Segment Start: Extracted material

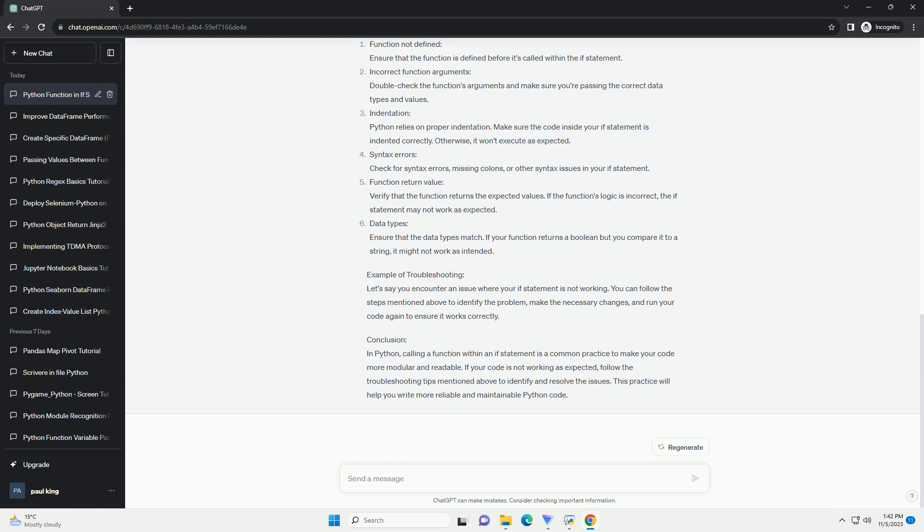Conclusion: In Python, calling a function within an if statement is a common practice to make your code more modular and readable. If your code is not working as expected, follow the troubleshooting tips mentioned above to identify and resolve the issues. This practice will help you write more reliable and maintainable Python code.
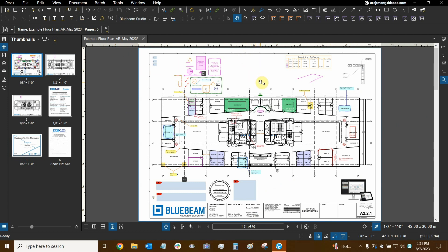Thanks very much for watching our tutorial on using Paste in Place and adding it as part of our shortcuts with Bluebeam Review. Once again, my name is Ari and I'm with Digital Drafting Systems. Hope you have a great rest of your day.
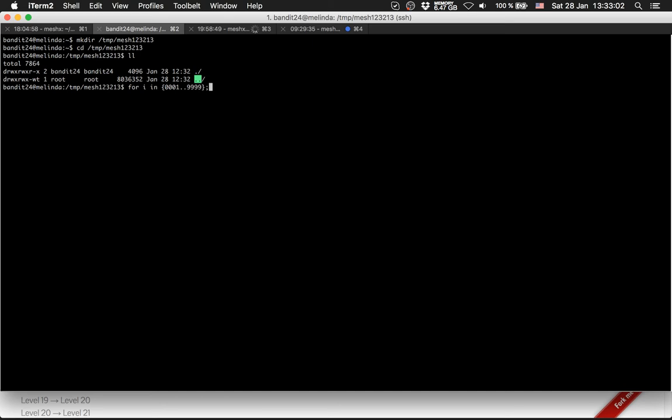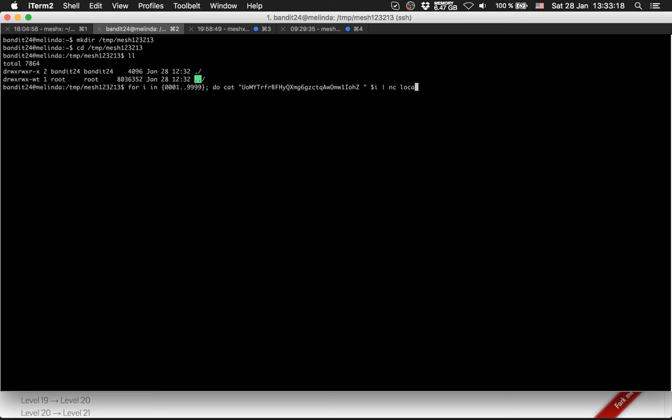What I do is cat the password and this four-digit number, then I pipe it into nc localhost and this port number. And done.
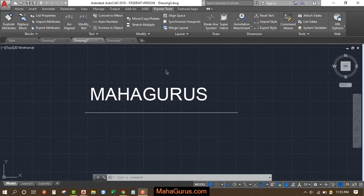Hi guys, welcome back to our YouTube channel. So in this tutorial, we're going to learn how we can use fit text in AutoCAD.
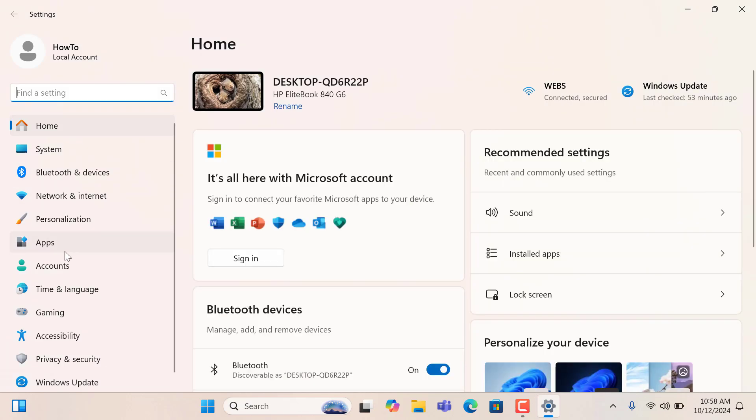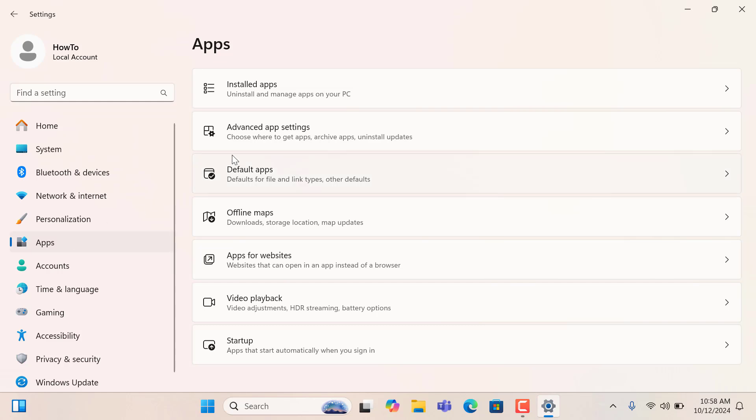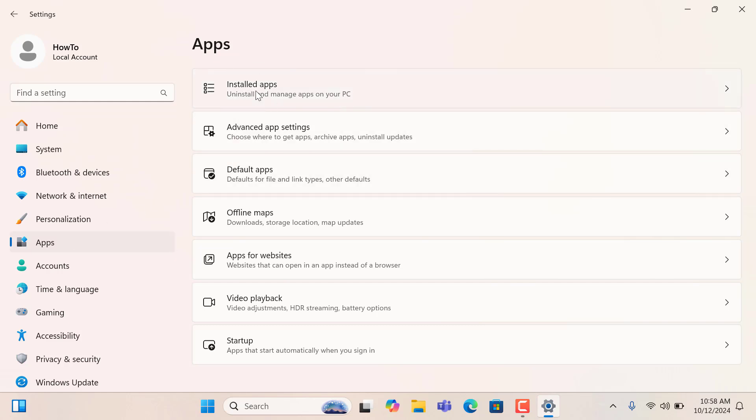And from Settings menu, please click on Apps. And from right side, please click on Install Apps.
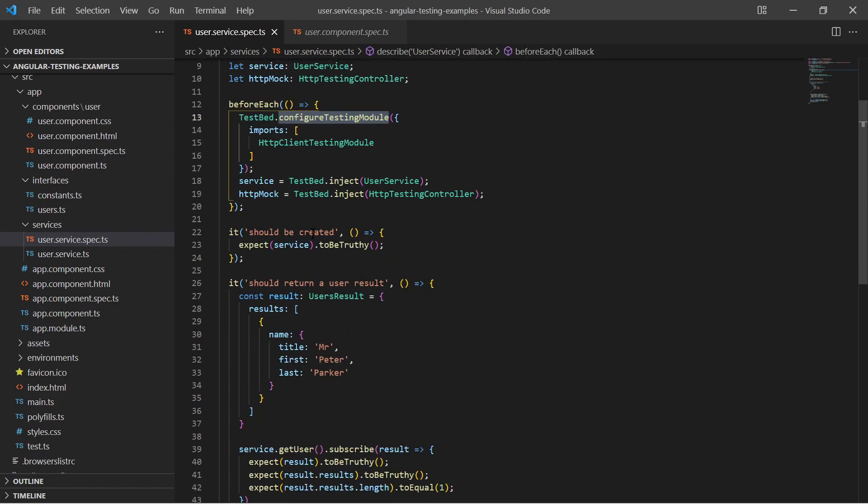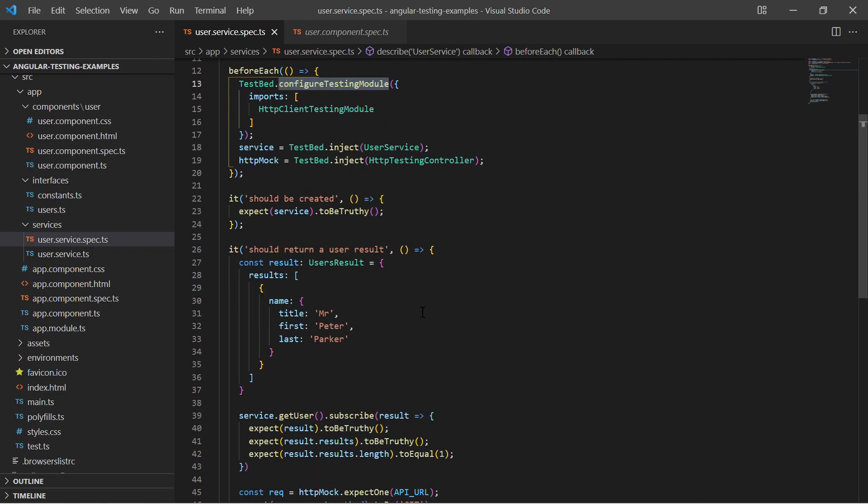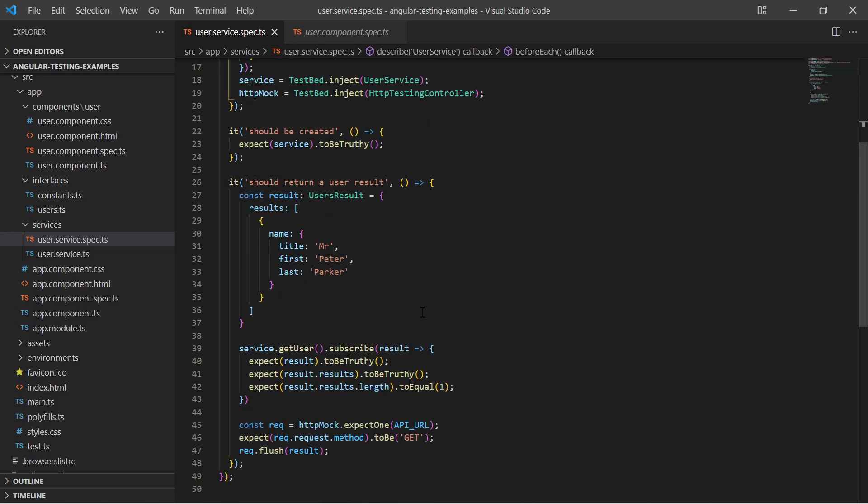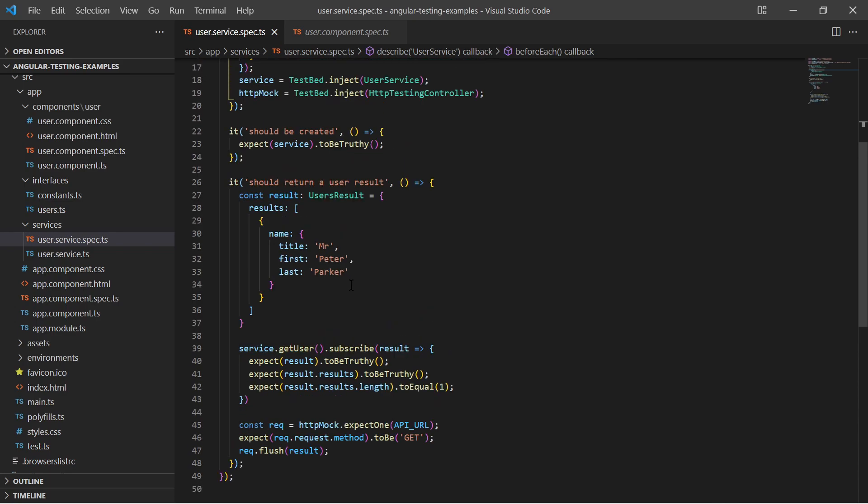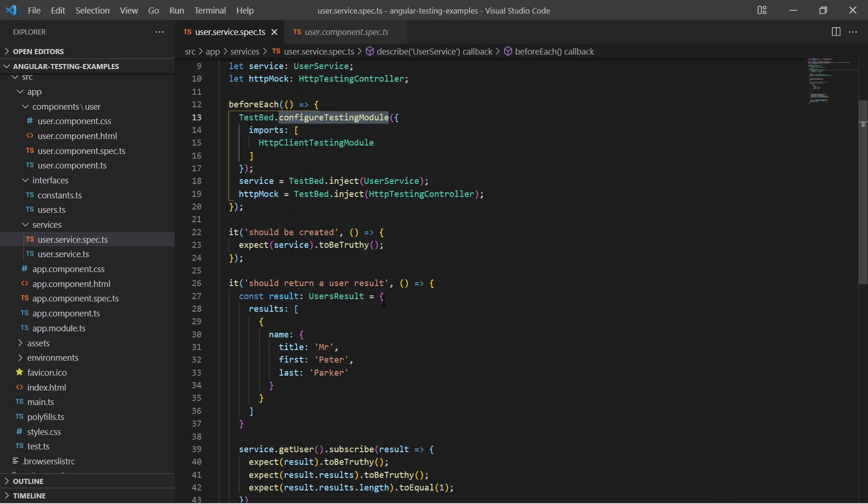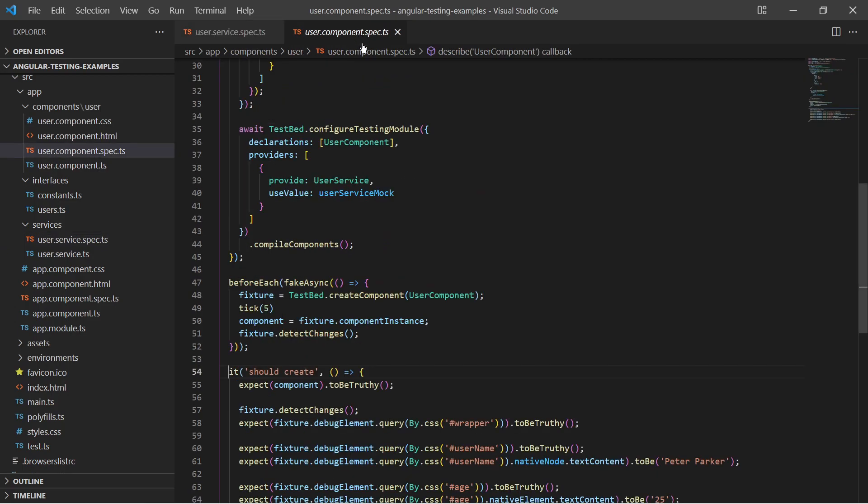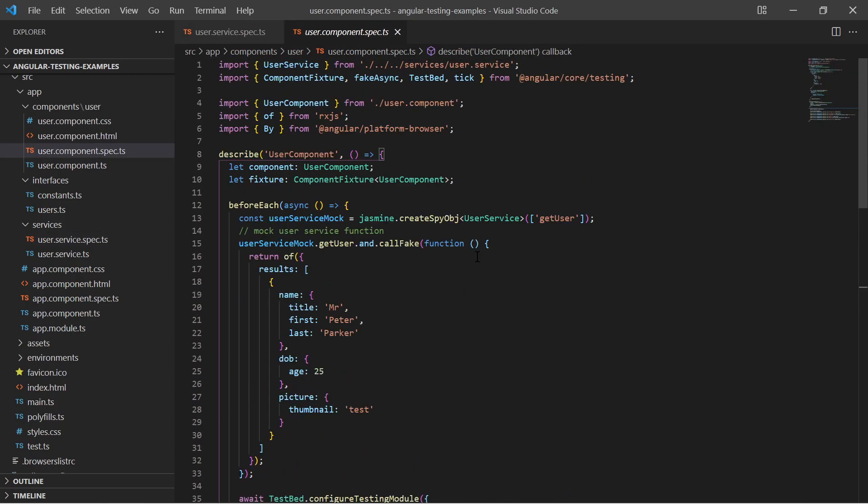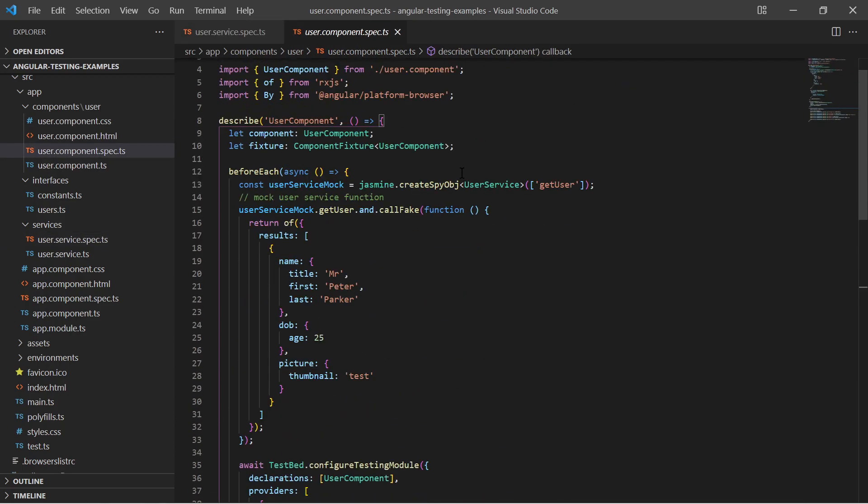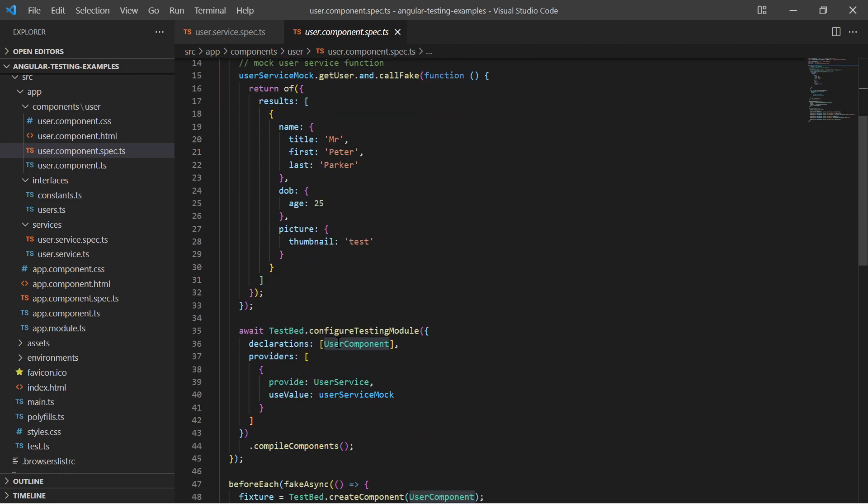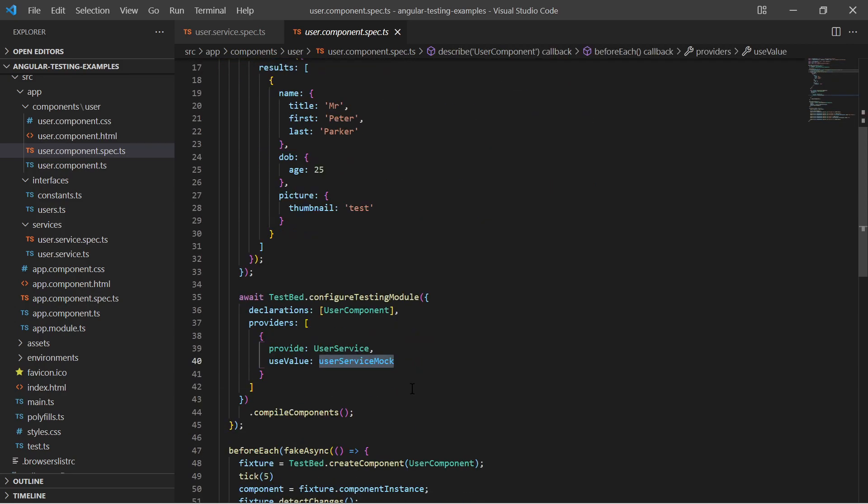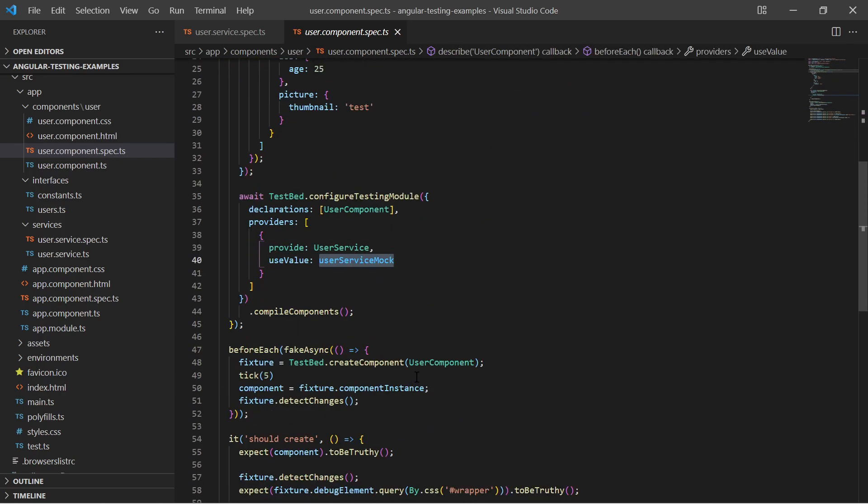Tests for service focus on testing the functionality of the service, that is, functions should return an expected result. Component tests verify that the content of a component is being rendered properly. This is done by accessing the rendered HTML and verifying that some specific HTML elements are existing and have some specific values.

Segment End: Extracted material

Beginning with the line where "Hi guys, welcome" appears, reproduce every remaining line of the listing above, the last one included, but none of the pictures.

## Problem solution
Hi guys, welcome back to our YouTube channel. So in this tutorial, we're going to learn how we can use fit text in AutoCAD.
And from Settings menu, please click on Apps. And from right side, please click on Install Apps.
Tests for service focus on testing the functionality of the service, that is, functions should return an expected result. Component tests verify that the content of a component is being rendered properly. This is done by accessing the rendered HTML and verifying that some specific HTML elements are existing and have some specific values.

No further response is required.